━━━━━ RAW DATA

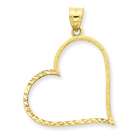 goldia 14k Gold Solid Satin Diamond cut Large Reversible Heart Pendant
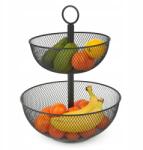 Tadar Kétszintes fém gyümölcskosár, fekete (5903313421669)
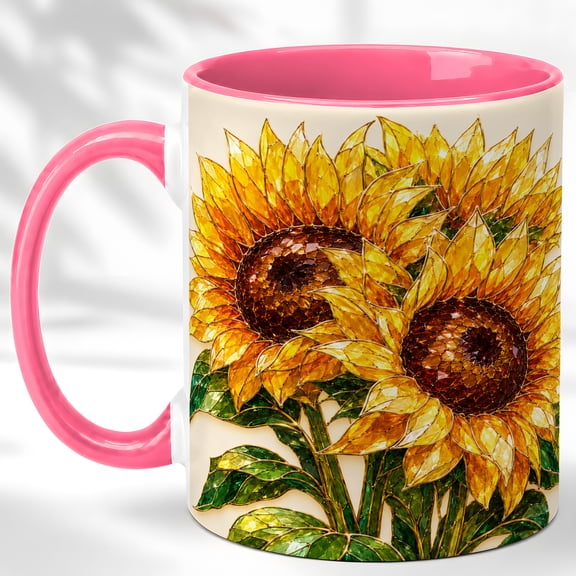 Sunflower Pair Coffee Mug, Floral Garden Mug, Ceramic 11 oz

━━━━━━━━━━

WHAT YOU SHOULD DO
Set down the data exactly as it appears, without any images.

RESPONSE TO THE TASK
 goldia 14k Gold Solid Satin Diamond cut Large Reversible Heart Pendant
 Tadar Kétszintes fém gyümölcskosár, fekete (5903313421669)
 Sunflower Pair Coffee Mug, Floral Garden Mug, Ceramic 11 oz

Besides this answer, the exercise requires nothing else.